> _THE RECORDS_
==========

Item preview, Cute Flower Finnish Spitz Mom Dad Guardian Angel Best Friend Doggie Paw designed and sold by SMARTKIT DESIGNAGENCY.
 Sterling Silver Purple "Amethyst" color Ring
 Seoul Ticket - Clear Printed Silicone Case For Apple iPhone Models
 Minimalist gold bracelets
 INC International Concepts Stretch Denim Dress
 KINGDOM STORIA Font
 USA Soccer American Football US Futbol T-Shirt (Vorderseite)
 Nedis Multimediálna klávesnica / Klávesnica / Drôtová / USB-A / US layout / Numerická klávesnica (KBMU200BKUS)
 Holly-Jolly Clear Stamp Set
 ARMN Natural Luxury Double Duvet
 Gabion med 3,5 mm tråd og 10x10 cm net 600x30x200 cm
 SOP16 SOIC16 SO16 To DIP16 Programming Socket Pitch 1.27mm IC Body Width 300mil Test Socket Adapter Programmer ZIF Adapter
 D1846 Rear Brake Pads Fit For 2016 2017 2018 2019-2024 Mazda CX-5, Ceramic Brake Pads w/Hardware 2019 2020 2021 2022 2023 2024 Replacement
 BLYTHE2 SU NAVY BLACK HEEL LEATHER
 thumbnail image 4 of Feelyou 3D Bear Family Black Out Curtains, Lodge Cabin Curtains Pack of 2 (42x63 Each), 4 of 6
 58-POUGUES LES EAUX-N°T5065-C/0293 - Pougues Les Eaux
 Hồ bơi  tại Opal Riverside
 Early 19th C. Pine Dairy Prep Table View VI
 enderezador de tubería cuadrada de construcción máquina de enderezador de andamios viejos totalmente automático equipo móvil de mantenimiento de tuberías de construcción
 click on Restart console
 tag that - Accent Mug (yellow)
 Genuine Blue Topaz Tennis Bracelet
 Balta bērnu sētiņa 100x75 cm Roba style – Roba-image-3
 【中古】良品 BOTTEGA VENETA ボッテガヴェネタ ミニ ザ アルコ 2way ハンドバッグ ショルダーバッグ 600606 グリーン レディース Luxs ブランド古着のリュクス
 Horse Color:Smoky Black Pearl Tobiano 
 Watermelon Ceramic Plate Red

==========

> _TASK BRIEF_
Faithfully write out the entire listing, line by line.

> _SOLUTION FOR THIS TASK_
Item preview, Cute Flower Finnish Spitz Mom Dad Guardian Angel Best Friend Doggie Paw designed and sold by SMARTKIT DESIGNAGENCY.
 Sterling Silver Purple "Amethyst" color Ring
 Seoul Ticket - Clear Printed Silicone Case For Apple iPhone Models
 Minimalist gold bracelets
 INC International Concepts Stretch Denim Dress
 KINGDOM STORIA Font
 USA Soccer American Football US Futbol T-Shirt (Vorderseite)
 Nedis Multimediálna klávesnica / Klávesnica / Drôtová / USB-A / US layout / Numerická klávesnica (KBMU200BKUS)
 Holly-Jolly Clear Stamp Set
 ARMN Natural Luxury Double Duvet
 Gabion med 3,5 mm tråd og 10x10 cm net 600x30x200 cm
 SOP16 SOIC16 SO16 To DIP16 Programming Socket Pitch 1.27mm IC Body Width 300mil Test Socket Adapter Programmer ZIF Adapter
 D1846 Rear Brake Pads Fit For 2016 2017 2018 2019-2024 Mazda CX-5, Ceramic Brake Pads w/Hardware 2019 2020 2021 2022 2023 2024 Replacement
 BLYTHE2 SU NAVY BLACK HEEL LEATHER
 thumbnail image 4 of Feelyou 3D Bear Family Black Out Curtains, Lodge Cabin Curtains Pack of 2 (42x63 Each), 4 of 6
 58-POUGUES LES EAUX-N°T5065-C/0293 - Pougues Les Eaux
 Hồ bơi  tại Opal Riverside
 Early 19th C. Pine Dairy Prep Table View VI
 enderezador de tubería cuadrada de construcción máquina de enderezador de andamios viejos totalmente automático equipo móvil de mantenimiento de tuberías de construcción
 click on Restart console
 tag that - Accent Mug (yellow)
 Genuine Blue Topaz Tennis Bracelet
 Balta bērnu sētiņa 100x75 cm Roba style – Roba-image-3
 【中古】良品 BOTTEGA VENETA ボッテガヴェネタ ミニ ザ アルコ 2way ハンドバッグ ショルダーバッグ 600606 グリーン レディース Luxs ブランド古着のリュクス
 Horse Color:Smoky Black Pearl Tobiano 
 Watermelon Ceramic Plate Red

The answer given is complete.